If the object has not been sealed yet, then the call to `client.get` will block
until the object has been sealed.

### A sorting application

To illustrate the benefits of Plasma, we demonstrate an **11x speedup** (on a
machine with 20 physical cores) for sorting a large pandas DataFrame (one
billion entries). The baseline is the built-in pandas sort function, which sorts
the DataFrame in 477 seconds. To leverage multiple cores, we implement the
following standard distributed sorting scheme.

* We assume that the data is partitioned across K pandas DataFrames and that
  each one already lives in the Plasma store.
* We subsample the data, sort the subsampled data, and use the result to define
  L non-overlapping buckets.
* For each of the K data partitions and each of the L buckets, we find the
  subset of the data partition that falls in the bucket, and we sort that
  subset.
* For each of the L buckets, we gather all of the K sorted subsets that fall in
  that bucket.
* For each of the L buckets, we merge the corresponding K sorted subsets.
* We turn each bucket into a pandas DataFrame and place it in the Plasma store.

Using this scheme, we can sort the DataFrame (the data starts and ends in the
Plasma store), in 44 seconds, giving an 11x speedup over the baseline.

### Design

The Plasma store runs as a separate process.

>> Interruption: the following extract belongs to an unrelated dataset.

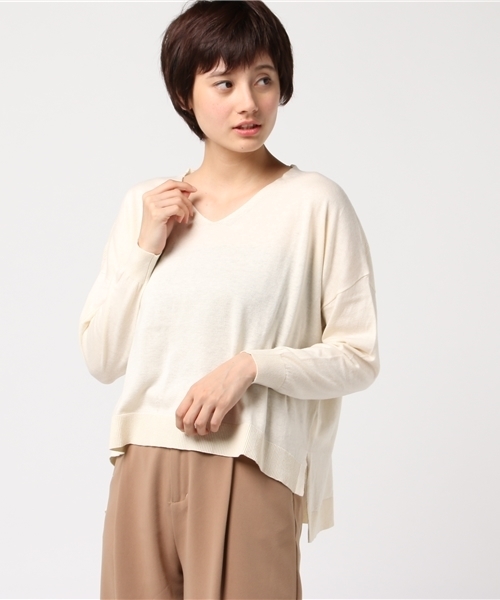 earth music&ecology（アースミュージックアンドエコロジー）の「・快適ニットドロップショルダープルオーバー（ニット/セーター・レディース・ブラック/ダークグリーン/パープル/アイボリー/杢グレー/キャメル・FREE）」の16枚目の写真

It is written in C++ and is
designed as a single-threaded event loop based on the [Redis][3] event loop library.
The plasma client library can be linked into applications. Clients communicate
with the Plasma store via messages serialized using [Google Flatbuffers][4].

### Call for contributions

Plasma is a work in progress, and the API is currently unstable. Today Plasma is
primarily used in [Ray][2] as an in-memory cache for Arrow serialized objects.
We are looking for a broader set of use cases to help refine Plasma's API. In
addition, we are looking for contributions in a variety of areas including
improving performance and building other language bindings. Please let us know
if you are interested in getting involved with the project.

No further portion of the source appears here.